If you just think about
remaking Jaws: The Revenge...

Grade: C –
Starring: Michael Caine and Jude Law
MPAA Rating: R
Running Time: 1 hour, 26 minutes

Perhaps Redux might be a more appropriate – and equally banal – title for the 2007 incarnation of “Sleuth.” This is director Kenneth Branagh’s revision of Joseph L. Mankiewicz’s 1972 prestige act of the same name, itself adapted from Anthony Shaffer’s Tony Award-winning play. Michael Caine, who costarred alongside Laurence Olivier in the 1972 film, assumes Olivier’s part of millionaire mystery novelist Andrew Wyke in Sleuth 2.0, while Jude Law takes on Caine’s erstwhile role of unemployed actor Milo Tindle. And, oh, after 2006’s Alfie, this is the second time Law has reprised a Michael Caine film role.

Moreover, while we always operated on the assumption that Branagh’s directorial career was focused primarily on film adaptations of Shakespeare plays, the larger truth seems to also include his aim to remake as many Olivier-starring vehicles as possible (Henry V, Hamlet, and As You Like It previously).

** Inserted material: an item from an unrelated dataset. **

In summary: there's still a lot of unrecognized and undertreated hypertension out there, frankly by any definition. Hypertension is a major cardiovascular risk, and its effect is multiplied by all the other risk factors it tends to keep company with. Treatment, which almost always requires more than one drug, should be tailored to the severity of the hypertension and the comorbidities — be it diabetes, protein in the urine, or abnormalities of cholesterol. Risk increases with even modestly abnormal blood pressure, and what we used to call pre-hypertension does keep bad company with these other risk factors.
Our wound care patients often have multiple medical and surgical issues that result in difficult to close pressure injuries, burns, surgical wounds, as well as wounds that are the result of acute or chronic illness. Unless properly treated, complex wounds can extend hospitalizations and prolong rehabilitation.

The unfortunate reality is that, outside the realm of the Bard, Branagh has never fully realized the filmmaking potential he flashed sixteen years ago in Dead Again, the underrated, Scott Frank-penned neo-noir.

Even sadder is the fact that all these confluences and coincidences are the most interesting reasons to watch Sleuth. The crux of Shaffer’s original remains intact: the older Milo invites upstart Andrew, who is embroiled in a romantic relationship with Milo’s estranged wife, to his country estate. There, Milo proposes a scheme wherein Andrew would carry out a phony heist of Milo’s priceless jewels; Andrew could keep the gems, and Milo would pocket the insurance proceeds. Milo harbors more diabolical intentions, and suffice it to say that each man engages in a course of humiliations and reprisals against their foil. Any further elucidation would only spoil the plot for any hapless souls who subject themselves to this claptrap.

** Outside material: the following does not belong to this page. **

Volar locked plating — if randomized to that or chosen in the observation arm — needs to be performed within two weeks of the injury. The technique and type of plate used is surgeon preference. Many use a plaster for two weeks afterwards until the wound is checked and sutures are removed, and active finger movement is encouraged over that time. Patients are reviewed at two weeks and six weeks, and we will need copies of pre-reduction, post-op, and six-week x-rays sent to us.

Nobel laureate playwright Harold Pinter, tabbed with updating the screenplay for modern audiences, amps the venom of the verbal jousting, emphasizes Milo’s Italian heritage, and fleshes out an incongruous homoerotic subtext. However, these pointless exertions still provide us with two unlikable characters struck with chronic logorrhea and confined to a hyper-mod milieu that Branagh infuses with dark blue hues, reflective surfaces, and other visual gewgaws.

The allure of two fine actors engaged in oral tug-of-war may entice some audiences. However, Caine may as well be taping another installment in his “Acting in Film” video series, while Law impersonates a shrill, preening poodle paddling wildly to keep his head above the thespian riptide. Sleuth fails to solve the biggest mystery of all: why this movie was greenlit in the first place.